西島秀俊さんと内野聖陽さんが同性カップルを演じるドラマ『きのう何食べた?』(テレビ東京)が、今アツい。原作はよしながふみさんによる同名漫画で、“シロさん”こと筧史朗と、そのパートナーである“ケンジ”こと矢吹賢二の日常を、食事風景を軸に描いている。

互いの痛みに寄り添い合うこと

“死が二人を分かつまで”と言うとおり、別れのときは必ず訪れる。そんな当たり前だが目を背けがちな事実を描いたのが、2021年に公開された劇場版でのエピソードだ。

物語は、シロさんがケンジの誕生日に京都旅行をプレゼントする場面からはじまる。
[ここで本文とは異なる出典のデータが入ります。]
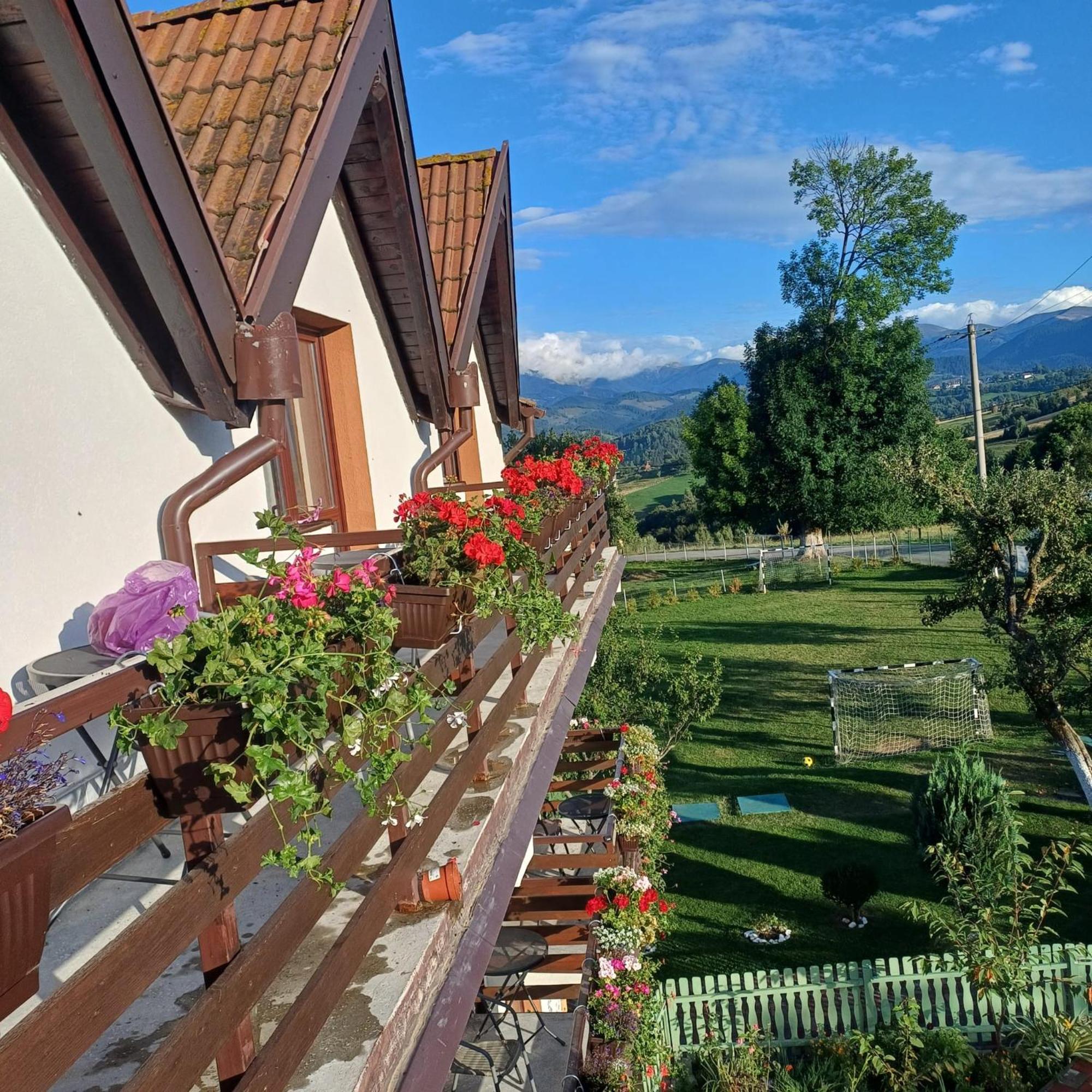 Pensiunea Tabacaru Peştera Buitenkant foto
浮足立つケンジだったが、道中あまりにも優しすぎるシロさんの態度に、“シロさんは死ぬのではないか”という疑念を抱くように。結局これは誤解であり、シロさんは取り乱すケンジを「簡単に死ぬとか言うな」と諭した。

しかし後日、様子のおかしなケンジを見て、今度はシロさんのほうが“ケンジは死ぬのではないか”と不安になる。これもやはり誤解であったが、パートナーの死を思い「怖かった」と泣くシロさんに、ケンジも「死ぬなんて簡単に言っちゃいけないんだよ」と返すのだった。
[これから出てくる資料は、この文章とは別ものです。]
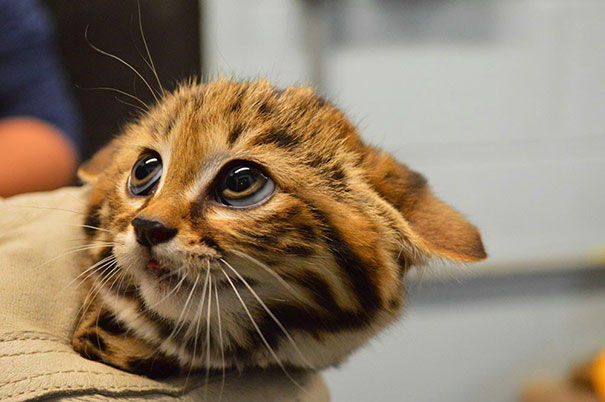 This Puss in the Boots is Baby Black Footed Cat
“あなたが死ぬかと思った”とパートナーから告げられたとき、“縁起でもない”と笑い飛ばしてしまうのは簡単で、きっと一番楽な方法だ。しかし本作の二人のやりとりからは、遺される相手の痛みと向き合い、それを互いに分かち合おうとする姿勢が見えてくる。

劇場版は、ケンジがシロさんの白髪を見つけて「俺たちも歳とったなぁ」と笑い合う場面で幕を閉じるが、共白髪でいられる保証などどこにあろうか。だからこそ、相手に気持ちを伝え、相手の気持ちを受けとめることにズボラになってはいけないと、あらためて思う。それが不安や恐怖、哀しみといったネガティブな感情であればなおさらだ。

愛する人の痛みに寄り添う余裕と優しさを、互いに忘れず持ち続けていたいものだ。